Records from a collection

########

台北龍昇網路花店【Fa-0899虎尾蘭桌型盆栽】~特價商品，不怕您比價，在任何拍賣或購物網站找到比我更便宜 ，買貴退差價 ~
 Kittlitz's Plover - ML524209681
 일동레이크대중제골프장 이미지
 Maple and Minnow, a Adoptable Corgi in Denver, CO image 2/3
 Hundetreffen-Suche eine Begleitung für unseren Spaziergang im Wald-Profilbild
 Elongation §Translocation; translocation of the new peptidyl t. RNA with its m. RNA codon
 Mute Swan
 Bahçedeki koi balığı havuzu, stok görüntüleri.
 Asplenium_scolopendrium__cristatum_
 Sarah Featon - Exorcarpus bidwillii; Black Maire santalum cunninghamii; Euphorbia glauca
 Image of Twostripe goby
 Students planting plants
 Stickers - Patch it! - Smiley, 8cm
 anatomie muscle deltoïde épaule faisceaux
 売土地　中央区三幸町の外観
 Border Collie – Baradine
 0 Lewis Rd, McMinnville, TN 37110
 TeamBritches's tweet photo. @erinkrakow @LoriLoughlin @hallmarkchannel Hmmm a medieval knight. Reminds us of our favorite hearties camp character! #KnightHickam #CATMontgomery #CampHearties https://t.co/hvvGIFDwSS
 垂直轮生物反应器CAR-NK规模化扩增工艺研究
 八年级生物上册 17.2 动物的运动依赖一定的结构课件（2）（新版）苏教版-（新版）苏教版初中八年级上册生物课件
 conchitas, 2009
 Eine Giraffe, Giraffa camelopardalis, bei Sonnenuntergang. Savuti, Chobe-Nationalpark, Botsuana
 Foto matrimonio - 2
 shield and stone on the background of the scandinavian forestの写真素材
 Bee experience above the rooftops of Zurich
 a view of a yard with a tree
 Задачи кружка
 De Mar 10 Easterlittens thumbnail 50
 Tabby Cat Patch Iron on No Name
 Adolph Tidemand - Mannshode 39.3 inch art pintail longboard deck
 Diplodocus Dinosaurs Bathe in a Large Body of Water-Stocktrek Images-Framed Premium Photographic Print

########

Your task –
Reply with the lines from the first line of the entries through the line that contains "Adolph Tidemand - Mannshode", repeated exactly with both ends kept, and with nothing else.

Written solution –
台北龍昇網路花店【Fa-0899虎尾蘭桌型盆栽】~特價商品，不怕您比價，在任何拍賣或購物網站找到比我更便宜 ，買貴退差價 ~
 Kittlitz's Plover - ML524209681
 일동레이크대중제골프장 이미지
 Maple and Minnow, a Adoptable Corgi in Denver, CO image 2/3
 Hundetreffen-Suche eine Begleitung für unseren Spaziergang im Wald-Profilbild
 Elongation §Translocation; translocation of the new peptidyl t. RNA with its m. RNA codon
 Mute Swan
 Bahçedeki koi balığı havuzu, stok görüntüleri.
 Asplenium_scolopendrium__cristatum_
 Sarah Featon - Exorcarpus bidwillii; Black Maire santalum cunninghamii; Euphorbia glauca
 Image of Twostripe goby
 Students planting plants
 Stickers - Patch it! - Smiley, 8cm
 anatomie muscle deltoïde épaule faisceaux
 売土地　中央区三幸町の外観
 Border Collie – Baradine
 0 Lewis Rd, McMinnville, TN 37110
 TeamBritches's tweet photo. @erinkrakow @LoriLoughlin @hallmarkchannel Hmmm a medieval knight. Reminds us of our favorite hearties camp character! #KnightHickam #CATMontgomery #CampHearties https://t.co/hvvGIFDwSS
 垂直轮生物反应器CAR-NK规模化扩增工艺研究
 八年级生物上册 17.2 动物的运动依赖一定的结构课件（2）（新版）苏教版-（新版）苏教版初中八年级上册生物课件
 conchitas, 2009
 Eine Giraffe, Giraffa camelopardalis, bei Sonnenuntergang. Savuti, Chobe-Nationalpark, Botsuana
 Foto matrimonio - 2
 shield and stone on the background of the scandinavian forestの写真素材
 Bee experience above the rooftops of Zurich
 a view of a yard with a tree
 Задачи кружка
 De Mar 10 Easterlittens thumbnail 50
 Tabby Cat Patch Iron on No Name
 Adolph Tidemand - Mannshode 39.3 inch art pintail longboard deck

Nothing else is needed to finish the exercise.